[Assigned task]: Below are the records; copy each line in them that holds the word "Mini".

[Input records]:
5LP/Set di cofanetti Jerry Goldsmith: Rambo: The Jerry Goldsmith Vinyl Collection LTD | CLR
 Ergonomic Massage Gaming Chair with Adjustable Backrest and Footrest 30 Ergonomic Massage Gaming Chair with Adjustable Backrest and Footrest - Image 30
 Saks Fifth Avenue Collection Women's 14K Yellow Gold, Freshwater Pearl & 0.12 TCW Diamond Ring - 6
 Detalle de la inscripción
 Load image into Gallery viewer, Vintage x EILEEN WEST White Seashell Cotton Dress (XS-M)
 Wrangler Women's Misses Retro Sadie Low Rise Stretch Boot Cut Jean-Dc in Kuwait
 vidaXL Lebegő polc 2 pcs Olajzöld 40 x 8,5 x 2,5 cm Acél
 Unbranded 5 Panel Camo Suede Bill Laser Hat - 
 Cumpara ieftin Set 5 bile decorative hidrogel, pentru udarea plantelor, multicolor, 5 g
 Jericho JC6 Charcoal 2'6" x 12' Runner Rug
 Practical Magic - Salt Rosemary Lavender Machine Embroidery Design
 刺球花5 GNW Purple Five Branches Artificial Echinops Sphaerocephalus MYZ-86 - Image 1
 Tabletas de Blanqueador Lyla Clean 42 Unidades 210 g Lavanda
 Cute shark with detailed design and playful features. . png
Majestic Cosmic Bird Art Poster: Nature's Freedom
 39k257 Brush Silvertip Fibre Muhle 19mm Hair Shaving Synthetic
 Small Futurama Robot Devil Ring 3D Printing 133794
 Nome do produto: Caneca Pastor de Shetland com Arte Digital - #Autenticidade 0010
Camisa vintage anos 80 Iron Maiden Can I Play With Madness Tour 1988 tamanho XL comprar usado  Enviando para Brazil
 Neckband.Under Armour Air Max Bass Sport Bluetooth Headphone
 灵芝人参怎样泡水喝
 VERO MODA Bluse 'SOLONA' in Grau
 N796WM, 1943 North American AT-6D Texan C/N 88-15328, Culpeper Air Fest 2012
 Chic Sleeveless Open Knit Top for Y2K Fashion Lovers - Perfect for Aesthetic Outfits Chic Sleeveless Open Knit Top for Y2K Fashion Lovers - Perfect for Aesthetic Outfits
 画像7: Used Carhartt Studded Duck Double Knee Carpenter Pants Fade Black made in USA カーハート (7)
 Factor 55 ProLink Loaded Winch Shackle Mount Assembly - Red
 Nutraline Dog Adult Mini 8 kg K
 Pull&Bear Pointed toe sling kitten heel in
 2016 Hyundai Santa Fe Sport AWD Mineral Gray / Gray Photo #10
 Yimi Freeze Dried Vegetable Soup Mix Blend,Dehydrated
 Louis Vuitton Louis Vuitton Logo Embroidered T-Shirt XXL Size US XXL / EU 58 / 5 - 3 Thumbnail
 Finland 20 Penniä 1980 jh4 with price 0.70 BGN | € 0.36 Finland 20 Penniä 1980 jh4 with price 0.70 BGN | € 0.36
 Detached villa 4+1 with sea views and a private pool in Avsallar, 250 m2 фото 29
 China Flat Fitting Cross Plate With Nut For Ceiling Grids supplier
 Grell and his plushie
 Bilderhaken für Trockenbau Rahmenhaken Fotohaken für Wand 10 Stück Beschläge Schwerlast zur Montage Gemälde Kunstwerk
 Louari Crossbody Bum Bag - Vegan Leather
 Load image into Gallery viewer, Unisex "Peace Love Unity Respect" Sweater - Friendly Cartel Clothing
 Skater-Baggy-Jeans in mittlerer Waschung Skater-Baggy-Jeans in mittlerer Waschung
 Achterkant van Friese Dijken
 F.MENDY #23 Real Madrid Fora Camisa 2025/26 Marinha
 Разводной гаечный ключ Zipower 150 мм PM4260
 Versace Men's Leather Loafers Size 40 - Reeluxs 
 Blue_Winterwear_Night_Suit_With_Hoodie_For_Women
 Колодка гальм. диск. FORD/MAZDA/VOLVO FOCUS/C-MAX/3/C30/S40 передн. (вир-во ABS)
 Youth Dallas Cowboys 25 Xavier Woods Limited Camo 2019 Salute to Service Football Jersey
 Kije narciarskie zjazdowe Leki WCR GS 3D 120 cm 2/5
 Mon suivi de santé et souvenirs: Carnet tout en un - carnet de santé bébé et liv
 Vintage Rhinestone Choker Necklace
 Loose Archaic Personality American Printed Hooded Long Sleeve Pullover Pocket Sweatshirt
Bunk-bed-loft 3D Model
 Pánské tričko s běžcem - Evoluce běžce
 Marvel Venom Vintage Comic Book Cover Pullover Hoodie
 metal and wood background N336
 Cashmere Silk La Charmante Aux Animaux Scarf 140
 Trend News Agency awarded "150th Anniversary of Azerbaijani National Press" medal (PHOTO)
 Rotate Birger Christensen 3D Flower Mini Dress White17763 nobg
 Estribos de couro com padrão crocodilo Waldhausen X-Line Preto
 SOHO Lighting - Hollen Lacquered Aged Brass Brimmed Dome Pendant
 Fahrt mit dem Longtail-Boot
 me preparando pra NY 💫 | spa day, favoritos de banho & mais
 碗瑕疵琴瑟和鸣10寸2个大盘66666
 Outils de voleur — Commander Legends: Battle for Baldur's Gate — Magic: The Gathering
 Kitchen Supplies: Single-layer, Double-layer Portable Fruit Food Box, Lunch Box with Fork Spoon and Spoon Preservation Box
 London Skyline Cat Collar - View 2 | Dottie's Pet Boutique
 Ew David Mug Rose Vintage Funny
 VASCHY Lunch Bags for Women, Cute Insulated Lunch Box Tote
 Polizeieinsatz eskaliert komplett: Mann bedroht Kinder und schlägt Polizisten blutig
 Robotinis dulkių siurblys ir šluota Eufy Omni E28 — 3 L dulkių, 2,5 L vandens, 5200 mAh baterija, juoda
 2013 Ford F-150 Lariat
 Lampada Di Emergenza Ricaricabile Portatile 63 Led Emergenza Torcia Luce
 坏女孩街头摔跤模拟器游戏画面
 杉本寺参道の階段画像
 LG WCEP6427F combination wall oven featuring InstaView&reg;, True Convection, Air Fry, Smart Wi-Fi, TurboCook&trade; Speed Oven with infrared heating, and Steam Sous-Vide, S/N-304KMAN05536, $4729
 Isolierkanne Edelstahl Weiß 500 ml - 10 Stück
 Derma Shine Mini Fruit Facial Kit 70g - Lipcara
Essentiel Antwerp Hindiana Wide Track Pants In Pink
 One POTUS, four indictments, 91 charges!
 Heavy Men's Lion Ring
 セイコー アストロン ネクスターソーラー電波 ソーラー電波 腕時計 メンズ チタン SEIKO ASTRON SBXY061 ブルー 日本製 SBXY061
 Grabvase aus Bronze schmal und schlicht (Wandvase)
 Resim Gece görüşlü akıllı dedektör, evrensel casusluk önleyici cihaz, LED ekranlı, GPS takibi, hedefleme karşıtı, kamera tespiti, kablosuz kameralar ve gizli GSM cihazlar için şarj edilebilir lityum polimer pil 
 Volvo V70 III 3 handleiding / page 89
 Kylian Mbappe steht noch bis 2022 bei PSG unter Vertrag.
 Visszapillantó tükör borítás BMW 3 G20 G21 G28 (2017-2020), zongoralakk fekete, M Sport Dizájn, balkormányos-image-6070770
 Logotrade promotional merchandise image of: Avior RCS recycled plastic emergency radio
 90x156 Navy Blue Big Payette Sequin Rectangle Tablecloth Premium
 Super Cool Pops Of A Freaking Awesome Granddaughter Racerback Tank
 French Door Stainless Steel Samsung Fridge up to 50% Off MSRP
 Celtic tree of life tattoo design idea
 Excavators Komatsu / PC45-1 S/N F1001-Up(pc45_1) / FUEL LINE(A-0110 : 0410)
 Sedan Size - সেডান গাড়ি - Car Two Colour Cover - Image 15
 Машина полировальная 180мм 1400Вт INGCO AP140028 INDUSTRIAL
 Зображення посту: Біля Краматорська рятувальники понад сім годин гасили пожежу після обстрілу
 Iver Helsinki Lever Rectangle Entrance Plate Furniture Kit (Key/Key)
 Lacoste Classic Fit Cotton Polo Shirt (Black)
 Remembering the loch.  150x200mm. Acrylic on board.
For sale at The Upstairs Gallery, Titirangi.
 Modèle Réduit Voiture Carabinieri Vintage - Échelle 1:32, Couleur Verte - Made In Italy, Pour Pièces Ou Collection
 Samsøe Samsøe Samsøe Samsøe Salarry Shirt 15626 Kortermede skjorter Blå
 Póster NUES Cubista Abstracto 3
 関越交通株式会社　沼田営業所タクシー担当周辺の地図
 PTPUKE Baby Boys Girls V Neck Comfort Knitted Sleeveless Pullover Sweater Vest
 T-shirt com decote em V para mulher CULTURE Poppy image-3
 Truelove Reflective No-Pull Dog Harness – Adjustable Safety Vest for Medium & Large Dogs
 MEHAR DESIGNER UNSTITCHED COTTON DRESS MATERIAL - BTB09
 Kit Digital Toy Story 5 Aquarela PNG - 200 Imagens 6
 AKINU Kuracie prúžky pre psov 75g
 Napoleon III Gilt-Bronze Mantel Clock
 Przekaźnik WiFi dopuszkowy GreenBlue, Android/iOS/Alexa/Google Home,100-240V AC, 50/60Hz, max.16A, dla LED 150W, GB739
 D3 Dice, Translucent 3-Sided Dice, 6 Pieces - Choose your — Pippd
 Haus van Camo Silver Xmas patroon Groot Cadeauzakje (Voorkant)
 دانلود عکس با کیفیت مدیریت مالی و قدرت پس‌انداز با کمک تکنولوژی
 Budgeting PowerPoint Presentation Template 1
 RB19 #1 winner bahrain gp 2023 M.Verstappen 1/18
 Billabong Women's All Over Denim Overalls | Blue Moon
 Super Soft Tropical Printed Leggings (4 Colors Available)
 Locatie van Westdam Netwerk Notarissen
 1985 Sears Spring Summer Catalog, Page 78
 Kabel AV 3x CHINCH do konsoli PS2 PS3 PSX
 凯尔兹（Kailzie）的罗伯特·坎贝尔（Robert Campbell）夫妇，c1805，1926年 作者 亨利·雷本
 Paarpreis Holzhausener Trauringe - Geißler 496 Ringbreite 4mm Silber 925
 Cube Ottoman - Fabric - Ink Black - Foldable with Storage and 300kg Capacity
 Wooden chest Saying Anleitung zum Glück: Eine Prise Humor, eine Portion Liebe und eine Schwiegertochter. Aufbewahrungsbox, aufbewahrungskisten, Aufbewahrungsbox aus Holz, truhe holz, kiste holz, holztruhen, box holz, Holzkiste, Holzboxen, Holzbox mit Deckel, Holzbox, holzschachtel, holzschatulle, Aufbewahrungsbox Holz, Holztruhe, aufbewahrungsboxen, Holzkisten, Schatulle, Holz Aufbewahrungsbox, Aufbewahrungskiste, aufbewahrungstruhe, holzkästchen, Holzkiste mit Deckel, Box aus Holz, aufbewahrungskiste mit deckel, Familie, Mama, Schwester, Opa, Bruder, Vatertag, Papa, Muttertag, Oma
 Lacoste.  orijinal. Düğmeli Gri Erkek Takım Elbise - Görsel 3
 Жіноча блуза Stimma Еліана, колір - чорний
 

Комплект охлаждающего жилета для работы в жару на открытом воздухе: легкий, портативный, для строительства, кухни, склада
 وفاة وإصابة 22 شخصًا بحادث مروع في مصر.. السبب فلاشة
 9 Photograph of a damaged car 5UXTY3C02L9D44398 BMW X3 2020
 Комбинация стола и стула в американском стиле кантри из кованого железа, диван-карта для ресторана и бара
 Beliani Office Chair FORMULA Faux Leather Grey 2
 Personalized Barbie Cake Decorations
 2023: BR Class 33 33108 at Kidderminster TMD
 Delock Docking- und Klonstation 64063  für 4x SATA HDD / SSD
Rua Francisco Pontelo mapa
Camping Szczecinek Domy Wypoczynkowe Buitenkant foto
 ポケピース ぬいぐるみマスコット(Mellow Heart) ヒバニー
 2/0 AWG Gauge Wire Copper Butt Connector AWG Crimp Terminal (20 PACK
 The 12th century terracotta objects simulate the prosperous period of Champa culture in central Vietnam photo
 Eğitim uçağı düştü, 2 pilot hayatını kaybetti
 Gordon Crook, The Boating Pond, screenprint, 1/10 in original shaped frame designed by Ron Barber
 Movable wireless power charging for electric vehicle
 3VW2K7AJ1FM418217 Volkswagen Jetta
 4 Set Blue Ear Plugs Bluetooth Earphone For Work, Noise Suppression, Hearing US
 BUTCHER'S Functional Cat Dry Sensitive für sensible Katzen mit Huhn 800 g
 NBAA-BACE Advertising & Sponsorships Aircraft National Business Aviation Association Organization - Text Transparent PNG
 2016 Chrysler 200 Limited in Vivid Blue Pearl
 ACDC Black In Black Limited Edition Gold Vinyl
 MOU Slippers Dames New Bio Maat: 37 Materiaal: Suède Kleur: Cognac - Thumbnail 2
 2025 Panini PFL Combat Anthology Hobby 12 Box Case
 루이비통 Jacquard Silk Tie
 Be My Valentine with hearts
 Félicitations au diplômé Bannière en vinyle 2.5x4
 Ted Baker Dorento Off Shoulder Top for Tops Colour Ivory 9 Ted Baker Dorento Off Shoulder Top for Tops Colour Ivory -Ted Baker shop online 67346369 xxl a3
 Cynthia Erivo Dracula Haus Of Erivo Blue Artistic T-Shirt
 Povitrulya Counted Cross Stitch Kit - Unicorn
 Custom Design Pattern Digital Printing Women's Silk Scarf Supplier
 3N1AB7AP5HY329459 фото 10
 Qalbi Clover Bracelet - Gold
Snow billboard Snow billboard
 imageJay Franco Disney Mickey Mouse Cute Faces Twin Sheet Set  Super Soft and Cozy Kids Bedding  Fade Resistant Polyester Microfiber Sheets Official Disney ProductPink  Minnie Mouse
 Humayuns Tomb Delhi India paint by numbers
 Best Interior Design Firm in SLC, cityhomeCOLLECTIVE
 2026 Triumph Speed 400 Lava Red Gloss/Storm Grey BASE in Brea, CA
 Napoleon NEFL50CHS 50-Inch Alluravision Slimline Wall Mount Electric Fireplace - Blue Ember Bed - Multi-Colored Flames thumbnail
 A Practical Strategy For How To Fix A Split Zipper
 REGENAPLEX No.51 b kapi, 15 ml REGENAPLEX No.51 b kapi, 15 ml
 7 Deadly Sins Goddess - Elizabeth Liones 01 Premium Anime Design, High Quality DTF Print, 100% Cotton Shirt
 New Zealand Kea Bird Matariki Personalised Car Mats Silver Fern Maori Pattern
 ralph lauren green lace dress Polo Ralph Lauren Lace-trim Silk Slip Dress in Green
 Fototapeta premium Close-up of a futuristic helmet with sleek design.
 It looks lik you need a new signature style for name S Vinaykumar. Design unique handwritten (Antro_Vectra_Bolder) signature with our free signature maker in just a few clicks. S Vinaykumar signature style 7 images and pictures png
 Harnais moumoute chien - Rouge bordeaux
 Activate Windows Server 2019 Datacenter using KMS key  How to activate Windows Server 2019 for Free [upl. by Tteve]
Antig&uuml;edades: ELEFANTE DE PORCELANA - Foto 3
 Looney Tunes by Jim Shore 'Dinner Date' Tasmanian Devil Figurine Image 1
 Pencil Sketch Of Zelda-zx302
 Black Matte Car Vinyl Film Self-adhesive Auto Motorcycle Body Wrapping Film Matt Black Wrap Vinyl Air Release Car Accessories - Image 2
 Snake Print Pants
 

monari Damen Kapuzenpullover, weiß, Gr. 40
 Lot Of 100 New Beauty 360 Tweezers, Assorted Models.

[Solution]:
 Nutraline Dog Adult Mini 8 kg K
 Rotate Birger Christensen 3D Flower Mini Dress White17763 nobg
 Derma Shine Mini Fruit Facial Kit 70g - Lipcara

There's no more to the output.